Spotkanie odbyło się w ramach Strategicznego Forum Bezpieczeństwa, które ma na celu wypracowanie koncepcji działań na rzecz wzmocnienia strategicznej odporności kraju na różne zagrożenia.
- To krok w dobrym kierunku, można odnieść wrażenie, że instytucje państwowe chcą wykorzystać potencjał naszych organizacji. W czasie spotkania pojawiały się różne pomysły na ten temat - my przedstawiliśmy propozycję stworzenia Krajowego Systemu AK i nie została ona odrzucona. Generalnie chodzi o to, aby funkcjonowanie organizacji pozarządowych obronnych włożyć w ramy prawne - mówi "Rz" Stanisław Drosio, wiceprezes stowarzyszenia Obrona Narodowa pl.
- Spotkania takie będą kontynuowane. W czasie tego ustaliliśmy, że z jednej strony zajmiemy się inwentaryzacją zadań w zakresie obronności adresowanych do organizacji pozarządowych, z drugiej oczekujemy od tych organizacji konkretnych ofert. Musimy także wiedzieć, do czego mogą się te organizacje zobowiązać - tłumaczy gen. prof. Stanisław Koziej, szef Biura Bezpieczeństwa Narodowego.
Zdaniem gen. Stanisława Kozieja organizacje proobronne z jednej strony mogłyby uczestniczyć w reformowaniu Narodowych Sił Rezerwowych, ale także mogłyby uczestniczyć w szkoleniu rezerwistów "traktowanych jako zadanie zlecone". Mogłyby się włączyć w tworzenie rezerwowych jednostek, a na wypadek wojny włączone do obrony terytorialnej. Jego zdaniem organizacje pozarządowe powinny wypracować własne doktryny uwzględniające pomoc strukturom państwa. Mogłyby to być np. zadania o charakterze operacyjnym - wypełniane w razie zagrożenia i wojny, zadania szkoleniowe świadczone na rzecz wojska, policji, Straży Granicznej i pożarnej oraz innych instytucji państwowych.
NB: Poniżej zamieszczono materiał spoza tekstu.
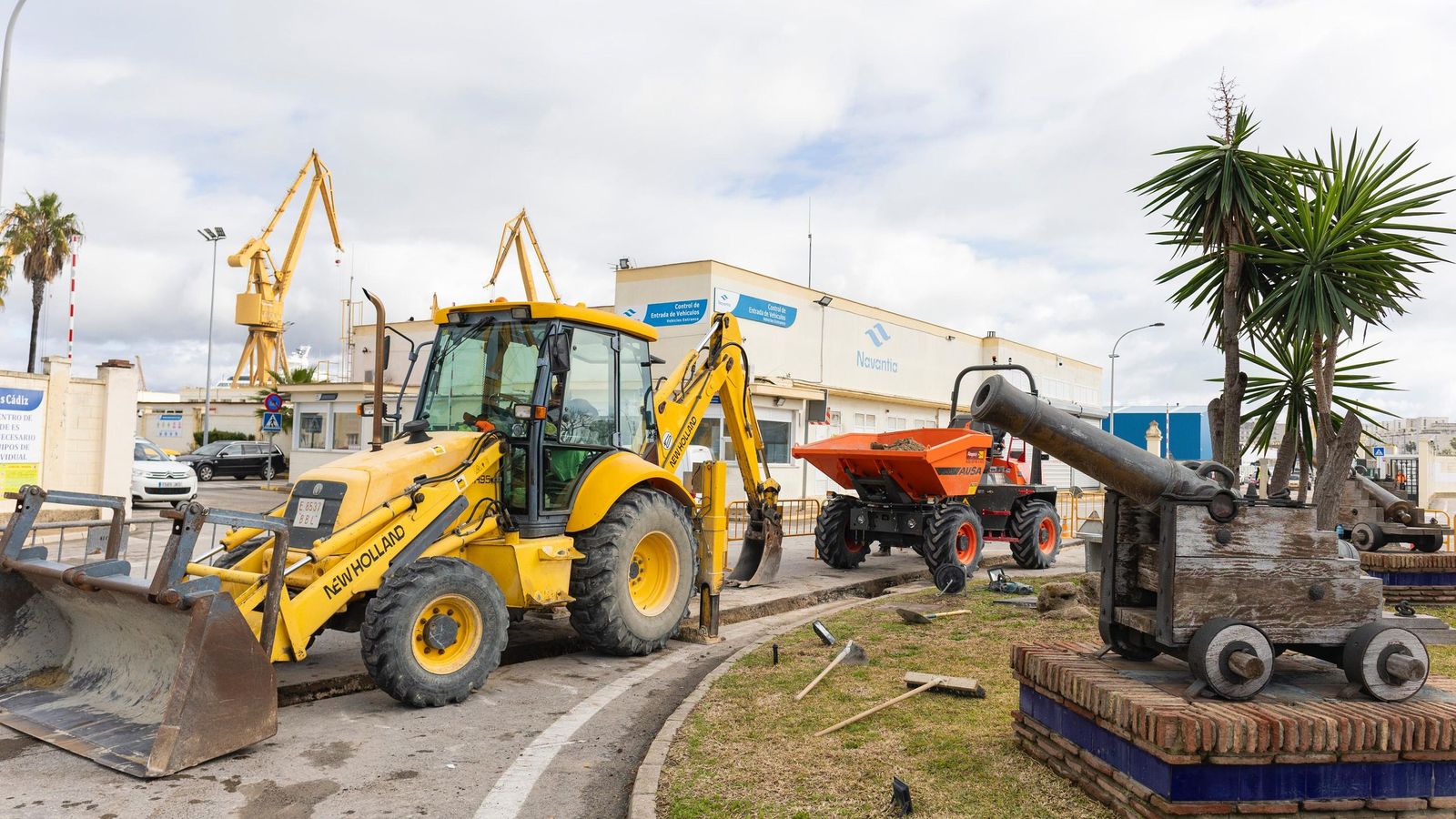 Se observa bajo los vehículos de la obra que hay una zanja, por la que podrían ir tanto cables como raíles: un misterio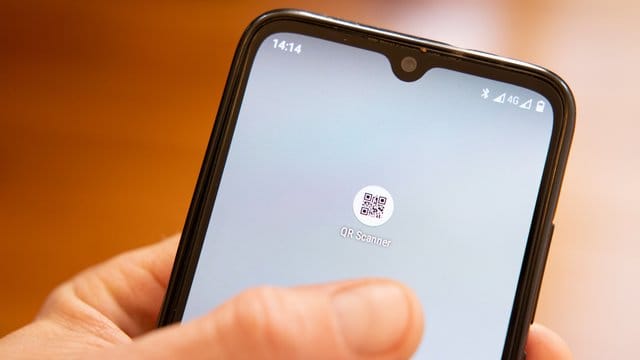 Aufgepasst bei QR-Code-Scannern: Viele dieser Apps sind neugierig und voll von Werbung, warnen Experten.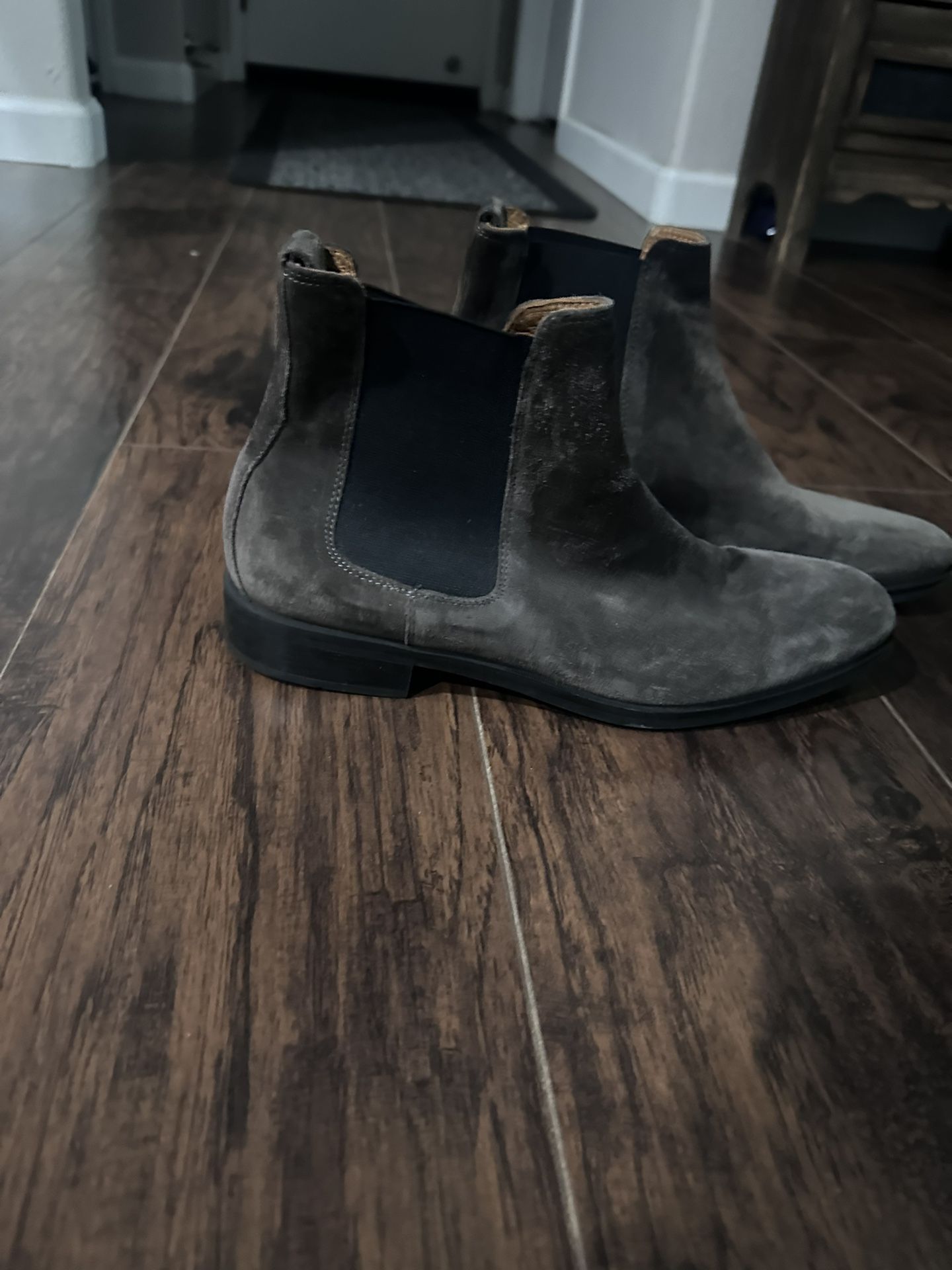  Broletto Gray Suede Chelsea Boots 9.5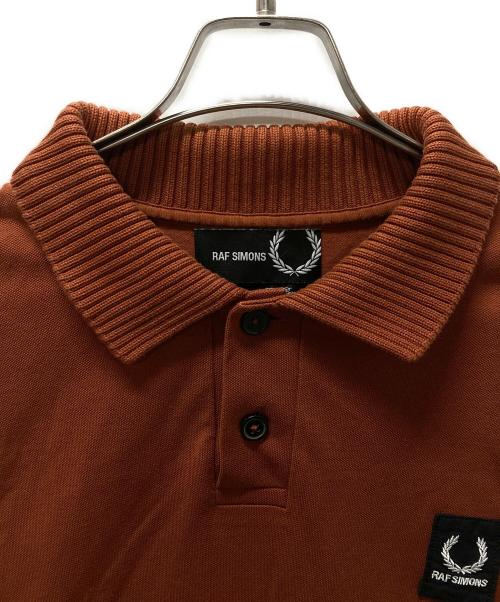 RAF SIMONS（ラフシモンズ）RAF SIMONS (ラフシモンズ) FRED PERRY (フレッドペリー) ポロシャツ ブラウン サイズ:42の古着・服飾アイテム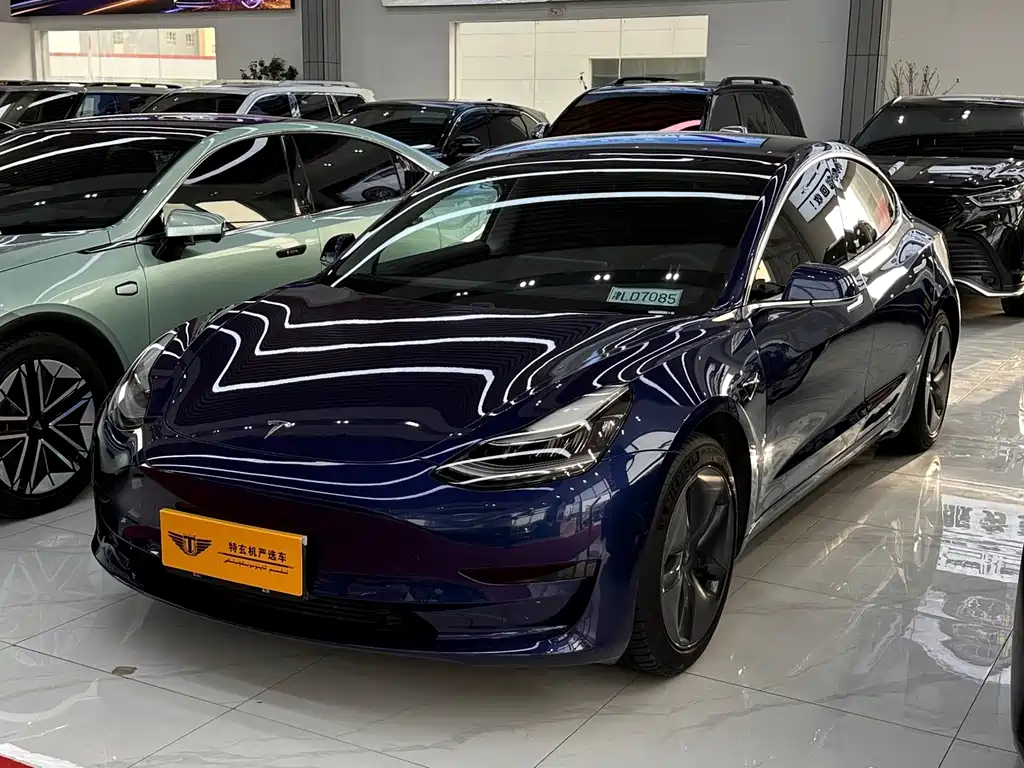 Tesla Model 3 2020 — фото 1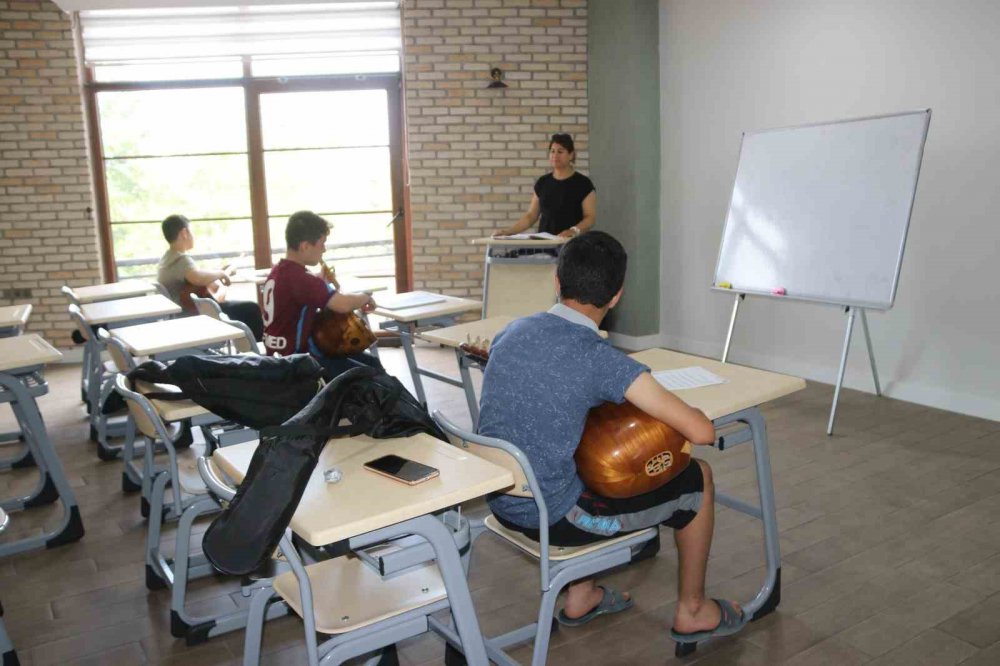 AKÇAABAT BELEDİYESİ TARAFINDAN HAMAM ÇİMENİ ÇARŞISI'NDA, SANATSAL, KÜLTÜREL VE EĞİTSEL FAALİYETLERİ BİR ÇATI ALTINDA TOPLAMAK AMACIYLA SANAT AKADEMİSİ AÇILDI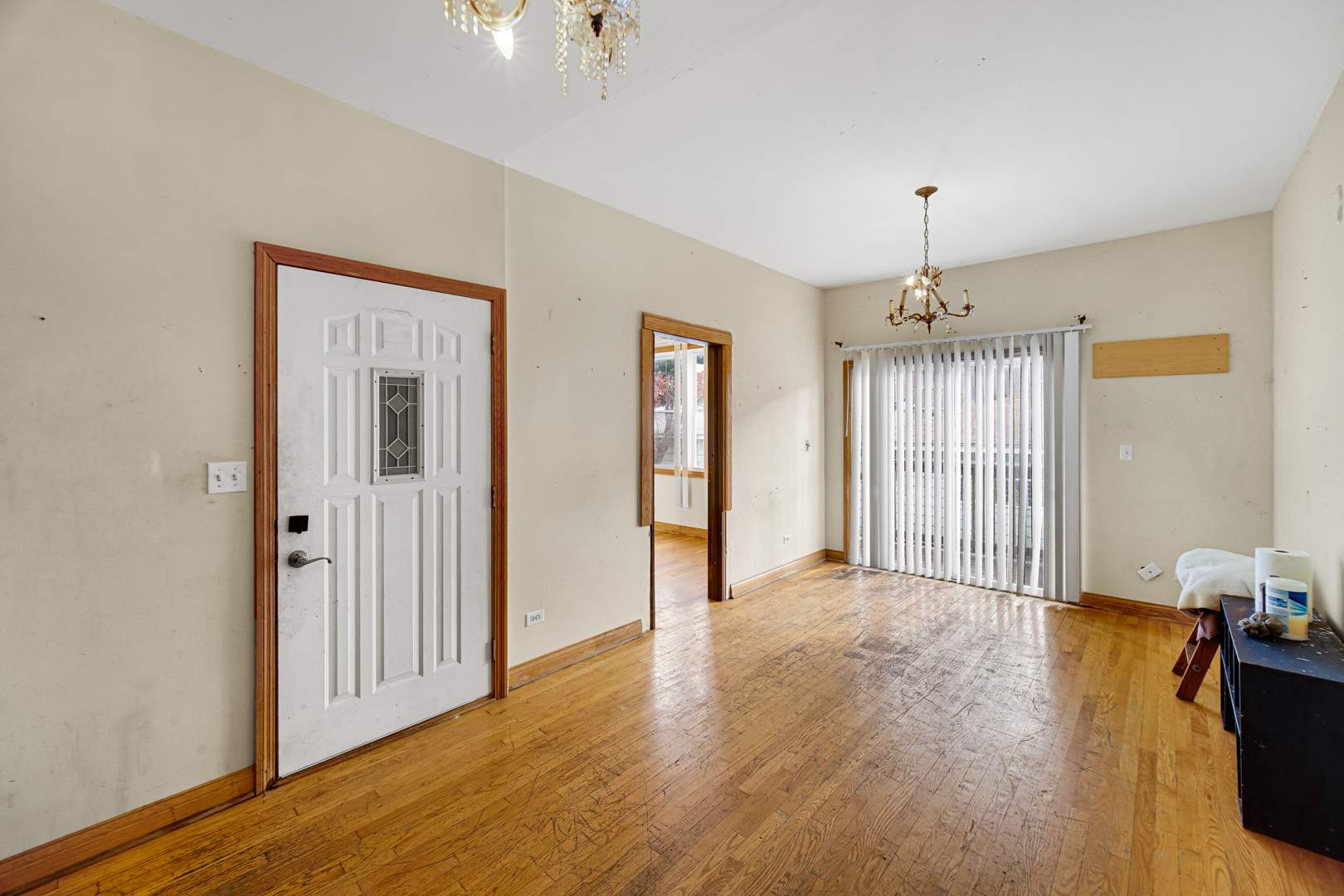 5753 N Washtenaw Avenue Property Photo 24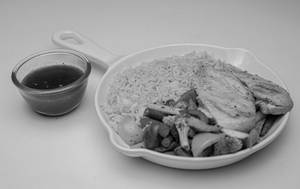 Brown Rice Meal Loaded with Chicken Breast in Brown Sauce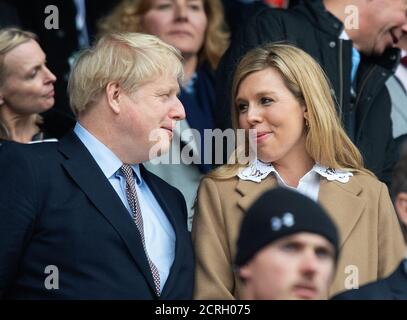 Premierminister Boris Johnson und Verlobte Carrie Symonds in Twickenham. England / Wales. 2020. BILDNACHWEIS : © MARK PAIN / ALAMY STOCK FOTO Stockfoto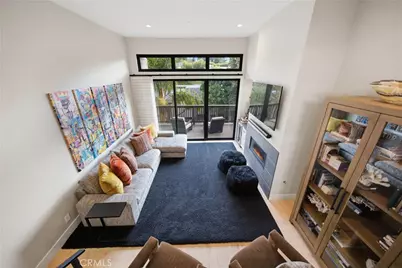 25 Canyon Island, Newport Beach, CA 92660 - Photo 8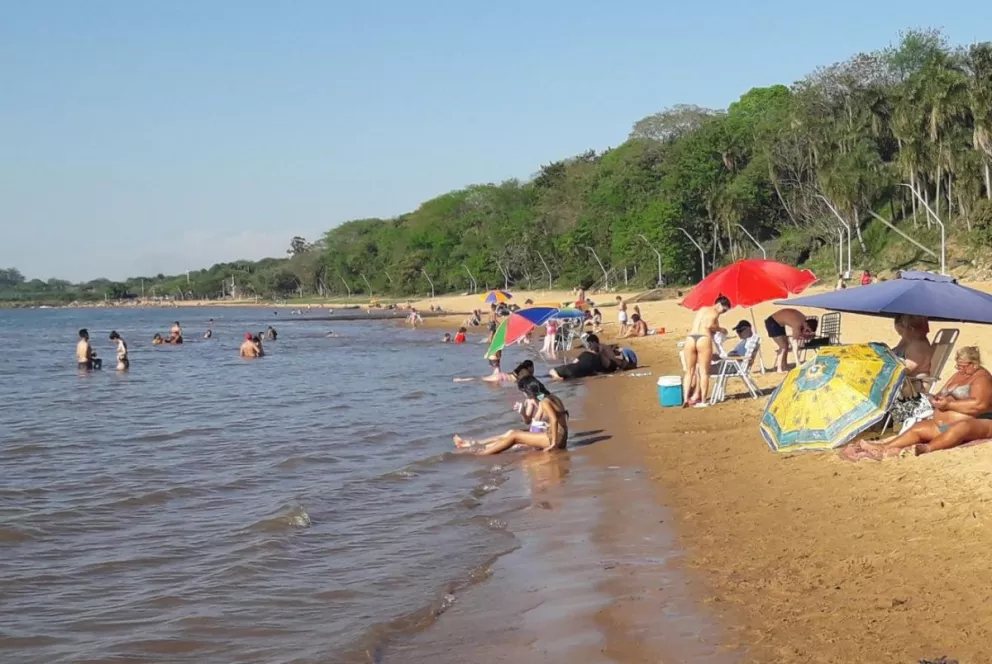 Las playas del Paraná son uno de los atractivos de Ituzaingó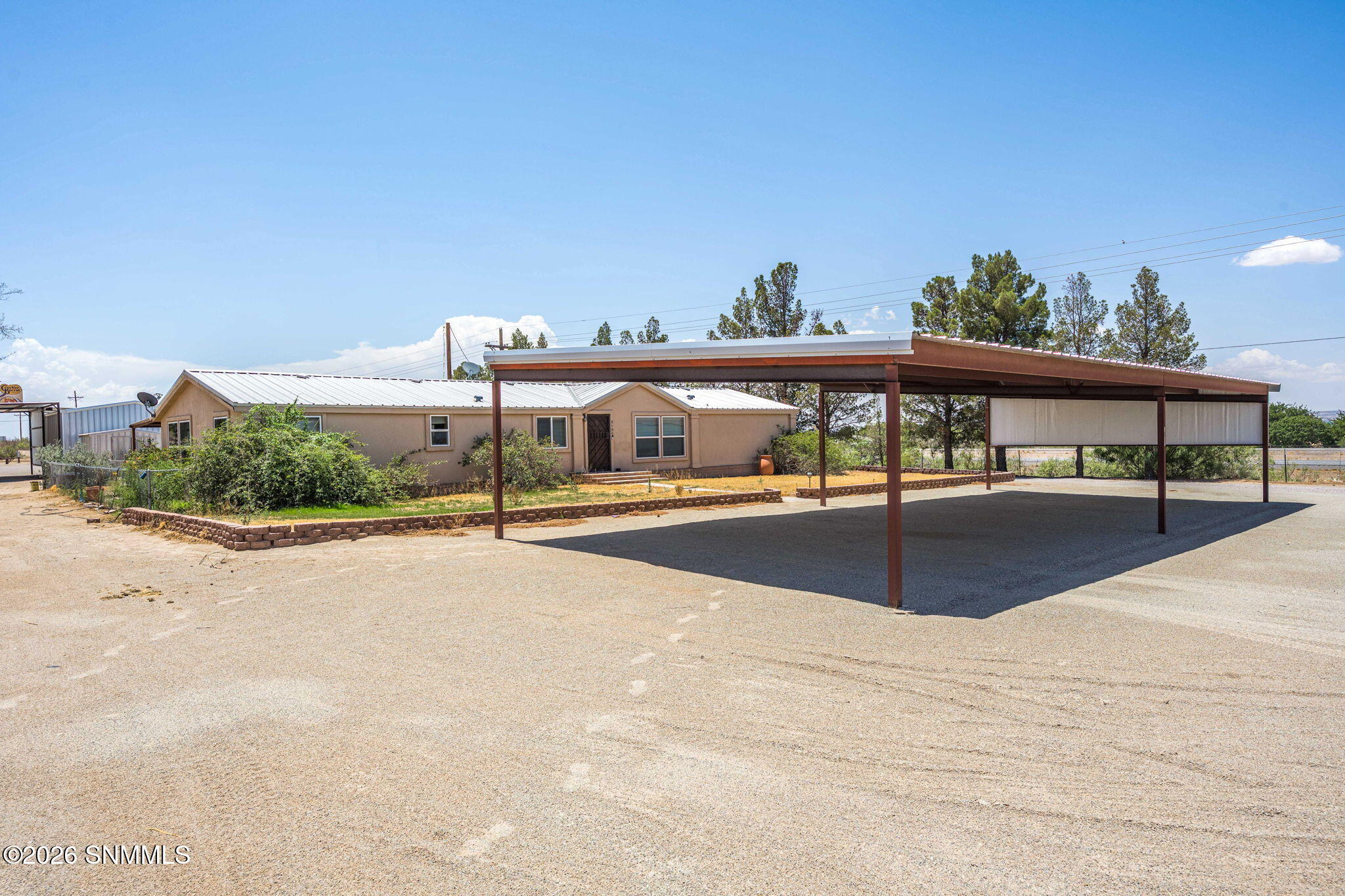 22-web-or-mls-Snappin Homes (DelRey5185)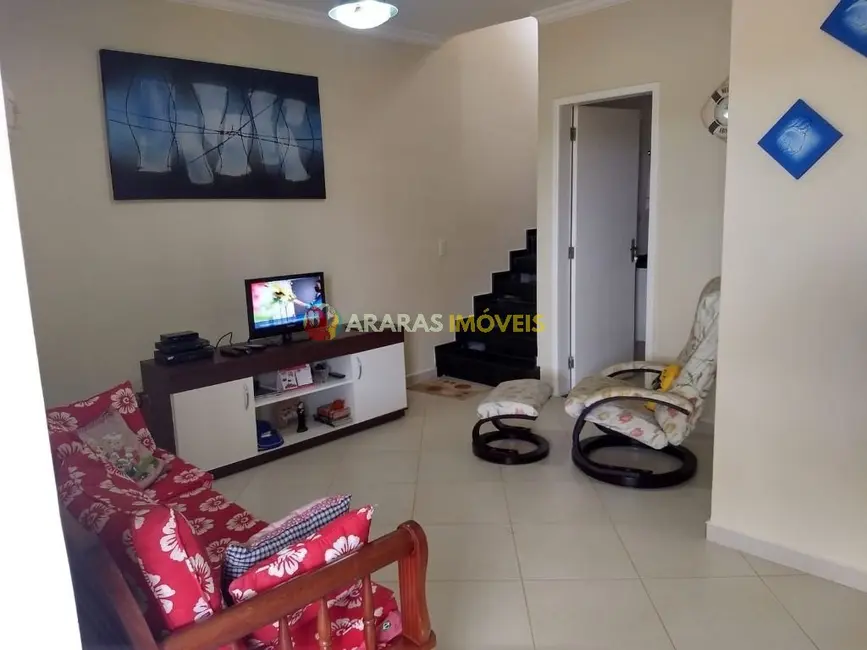 Foto 2 de Casa com 2 quartos à venda, 129m2 em Bertioga - SP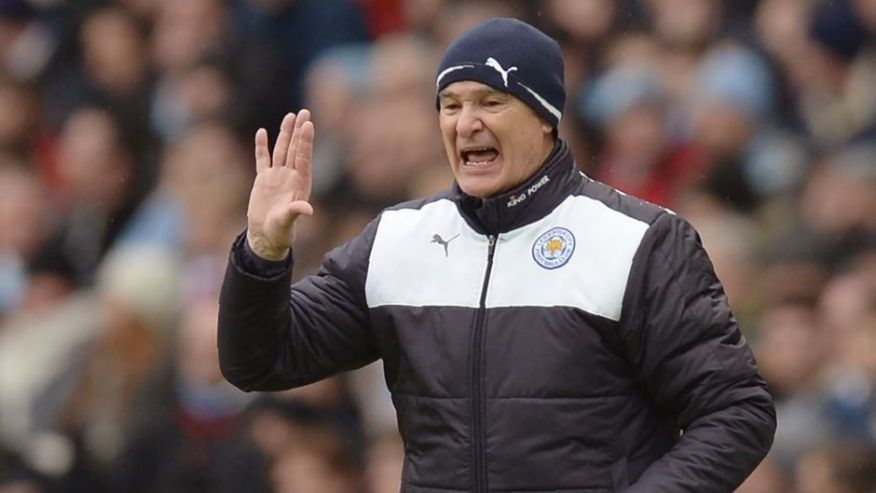 Leicester City's Italian manager Claudio Ranieri shouts instructions to his players from the touchline during the English Premier League football match between Manchester City and Leicester City at the Etihad Stadium in Manchester north west England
Mogłyby także uczestniczyć w "szkoleniu ludności cywilnej, krzewieniu świadomości, uczulaniem młodzieży na sprawy bezpieczeństwa".
Generał Koziej jest przeciwny tworzeniu, jak to nazwał "wojska prywatnego", czy działania tych organizacji poza siłami zbrojnymi.
- Ustaliliśmy, że struktury państwowe powinny zidentyfikować obszary działań, w których mogłyby oczekiwać wsparcia od stowarzyszeń - powiedział po spotkaniu szef BBN. Zapowiedział, że będą kolejne spotkania z takimi organizacjami, wezmą w nim udział także przedstawiciele MON.
- BBN tworzy platformę spotkań z organizacjami proobronnymi i dobrze - ocenia Stanisław Drosio.